Your goal » A verbatim transcript of the data below is required, images omitted.
--- Source information Enclosed Below ---
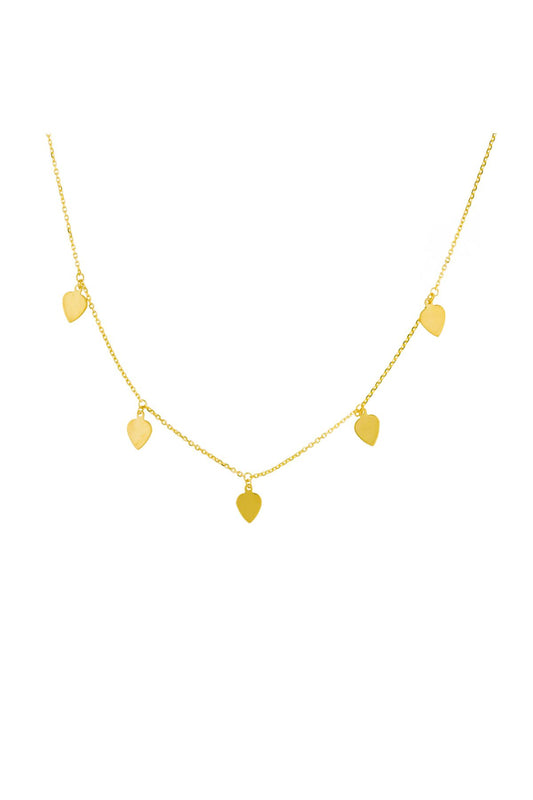 14 Carat Gold Drop Model Mirrored Gold Chocker Necklace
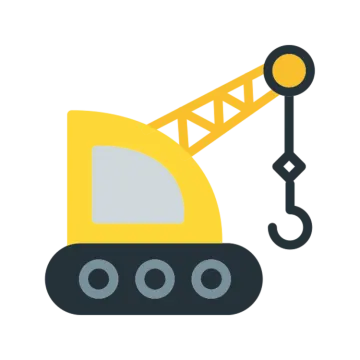 a crane with a hook on it's back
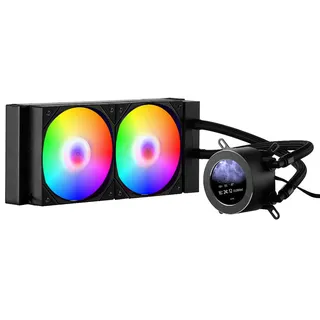 Vevor CPU-Flüssigkeitskühler, AIO-CPU-Wasserkühler – 120-mm-PWN-Lüfter & -Pumpe, PC-Wasserkühlung mit 5,3 cm LCD-Display & ARGB-Licht, für Intel 115X/1366/2011/1700/1200, AMD AM4/AM5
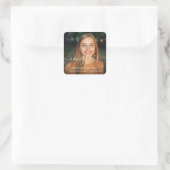 Sticker Carré Script Congrats Graduation Photo personnalisée (Sac)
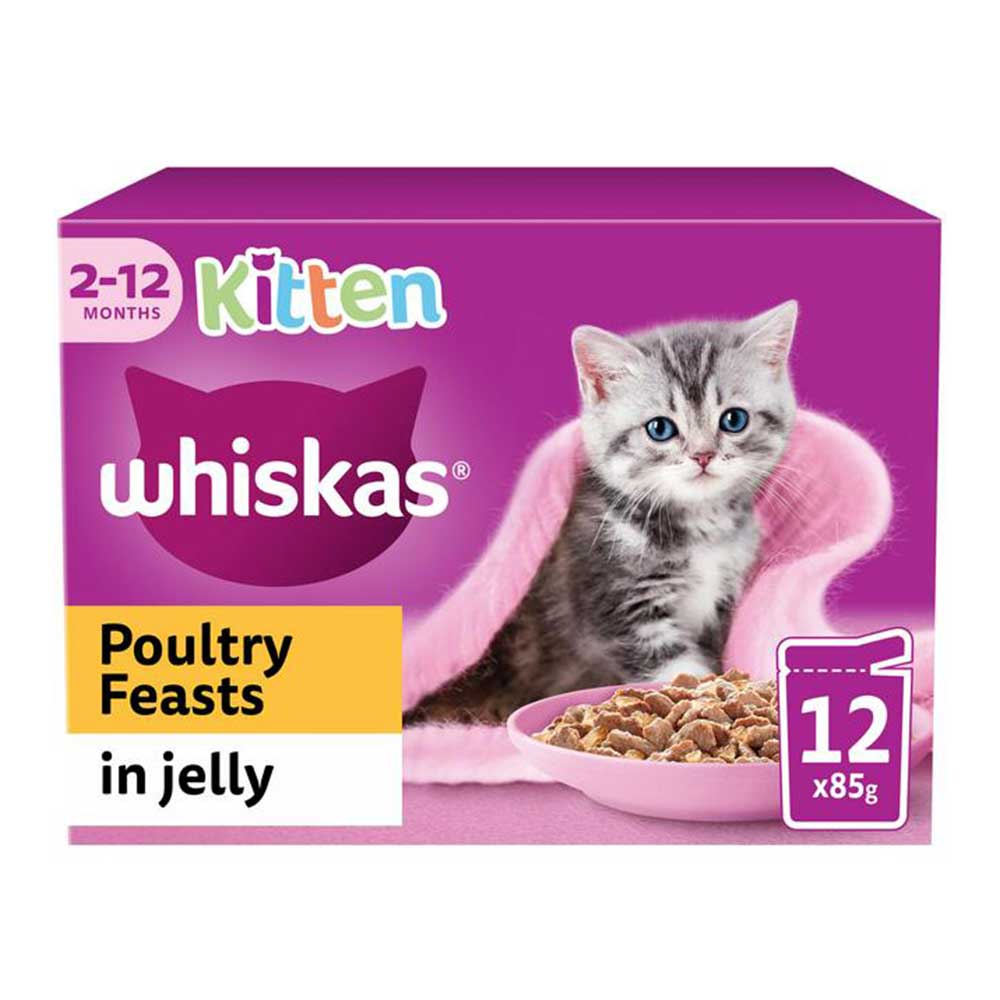 WHISKAS Kitten 2-12 Months Poultry Feasts in Jelly Wet Kitten Food Pouches, 12x85g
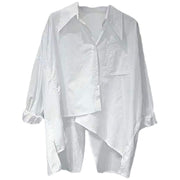 women's thin loose back slit long sleeve shirt, view 2 - MRSLM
--- End of Enclosed Source information ---
Answer section »
 14 Carat Gold Drop Model Mirrored Gold Chocker Necklace
 a crane with a hook on it's back
 Vevor CPU-Flüssigkeitskühler, AIO-CPU-Wasserkühler – 120-mm-PWN-Lüfter & -Pumpe, PC-Wasserkühlung mit 5,3 cm LCD-Display & ARGB-Licht, für Intel 115X/1366/2011/1700/1200, AMD AM4/AM5
 Sticker Carré Script Congrats Graduation Photo personnalisée (Sac)
 WHISKAS Kitten 2-12 Months Poultry Feasts in Jelly Wet Kitten Food Pouches, 12x85g
 women's thin loose back slit long sleeve shirt, view 2 - MRSLM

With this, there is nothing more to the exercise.